Tuesday, October 13, 2009

The End (Just Please Not Today!)

The last several weeks have been extremely busy with a new teaching schedule at work, preparing for an upcoming art show, and launching a new contemplative meditation group. I admit had I not been home sick the last several days it may not have occurred to me to make an entry. Since no one contacted me about updating my blog, it may be a fair assumption that I was not missed.

My thoughts are somewhat more organized though still clouded. I haven't been so much out of it, as more in a casual fog of sleep and medication with television as an audio/visual companion. Sipping on green tea with lemon and honey, I've been listening to Peter Yorn and Scarlett Johansson's, "Break Up." I had forgotten I had a stereo until the Yorn and Johansson CD arrived in the mail from Amazon.com. Given my predilection towards being behind the times when it comes to most things, I still purchase CDs over and against downloading.

Whenever I'm sick, and alone too long in my apartment, I eventually start thinking about death. My consciouss reflections about death are in the contemplative sense of its greater meaning, not in the depressed driven response of suicide. I worked with dying patients enough to know that there is nothing romantic about it.

It may be that death is an anti-climatic response to living. Without undermining it, death is the end point; the concluding measurement to a given span of time from birth to its culmination. Nobody gets out of this experience alive, not even Jesus or Buddha. Perhaps, the late comedian Selma Diamond said it best: "I laugh, I cried, it became a part of me." For what it is worth, the notion of eternity is rather terrifying to me. It seems about as cruel and unjust as the notion of re-incarnation. One time on the ferris wheel of life is enough for me. My fear of death is coming back to do this life all over again.
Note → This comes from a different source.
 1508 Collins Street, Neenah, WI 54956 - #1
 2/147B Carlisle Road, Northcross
I made the mistake of bringing up the subject of my death to my mother a few days ago. In a playful spirit to combat the nasal congestion and excessive coughing, I began to talk about which hospital I would like to receive treatment should my illness get worse. It then occurred to me that our conversation would be as good as time as any to discuss certain things about the eventuality of my death. The important matters like the arrangements I would like made, certain people to contact, my favorite songs I want played at the memorial, and several other things. She abruptly ended the conversation, and was upset with me for some time for bringing it up.
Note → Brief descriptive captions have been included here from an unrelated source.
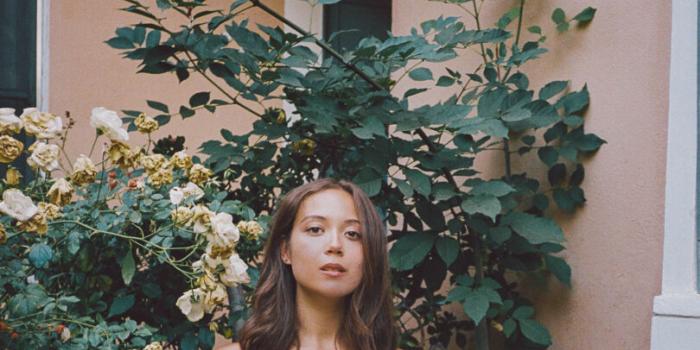 810x1024 Laufey Wallpapers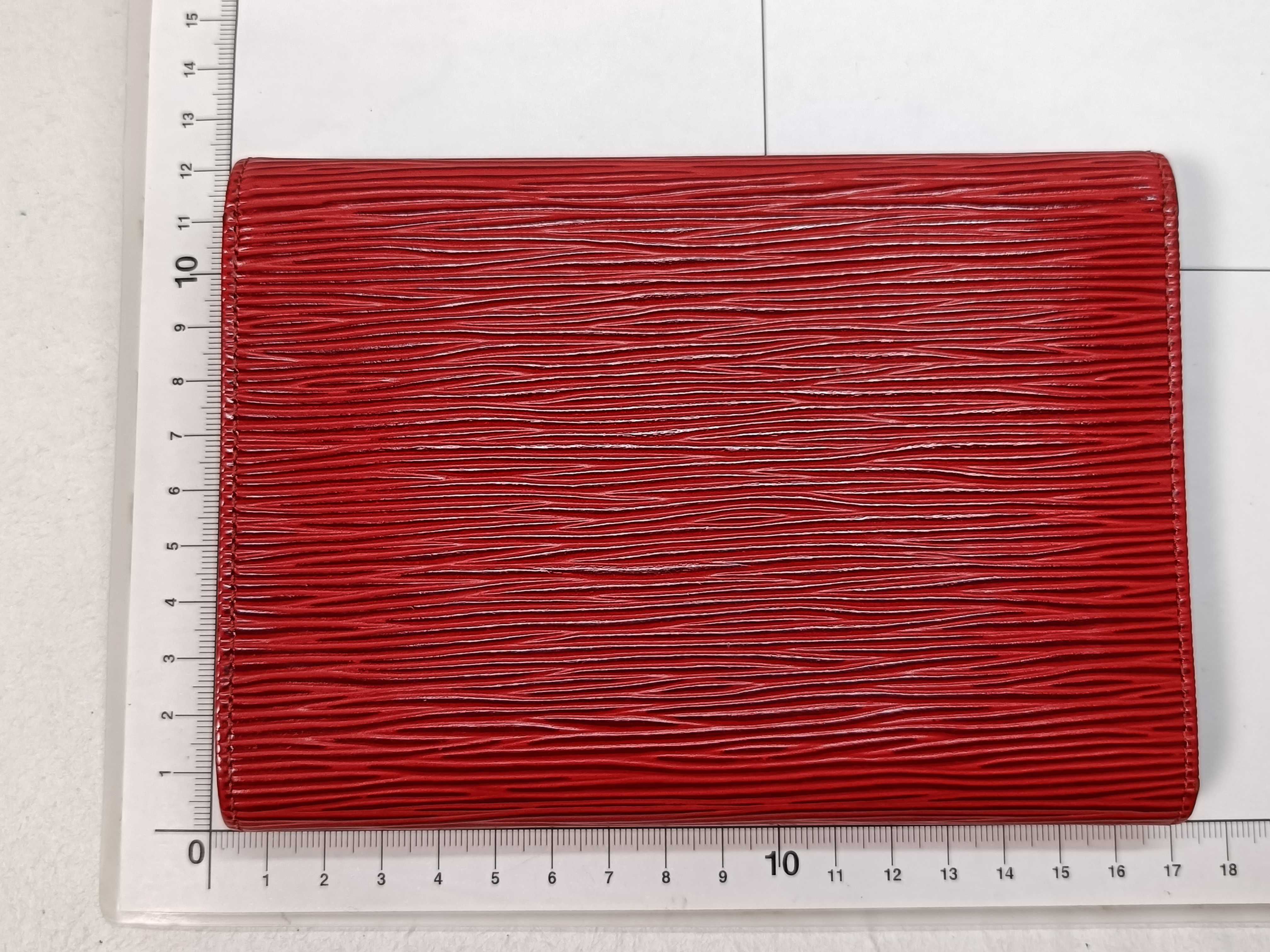 Epi Portefeuille Tresor Etui Papier M63719 Wallet — view 2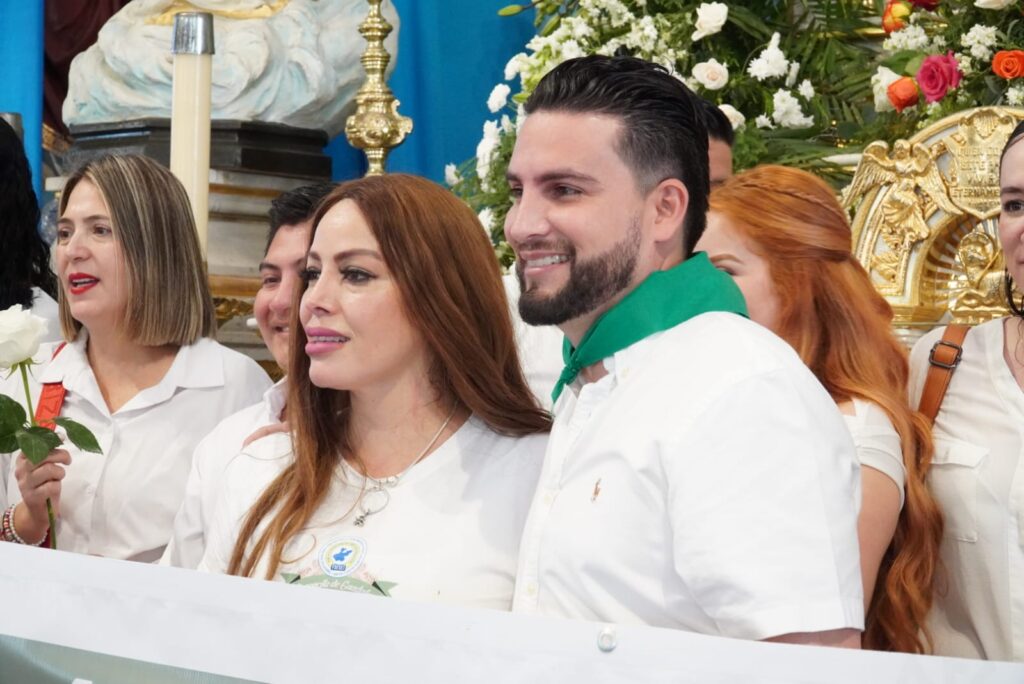 Peregrina con fervor guadalupano el Gobierno de Munguía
Again, I am not in the least bit fascinated with death. If I had my way, I wouldn't be there when it happens. I do have this fantasy, somewhat defiant and juvenile, that when I die I'm going with my middle finger in the air. I don't know if that is my way of mocking God. At least, no more so than those times when I thought God was mocking me with His silence.

I am generally not worried about some after life, judgment bound scenario where I have to give an explanation for one thing or the other. If there is some admission exam to heaven that depends on my explaining the choices I made, right or wrong, then I guess I am not getting in because that is too much work. It is rather absurd to think that in the great scheme of things, my life would be worth explicating after the fact. If anything, my response if questioned, by God or man, to state quite frankly that I did what I could to make the best of a bad situation.

Life has been rather good to me at this point. I want to ride it out to the end. If, by chance, my family does not abide my wishes to cremate me, I would hope they have the decency to put on my grave stone that I left this world still owing people money. I want to go out making jokes. Or even better still, I would love for my final words to read, "I told you I was sick."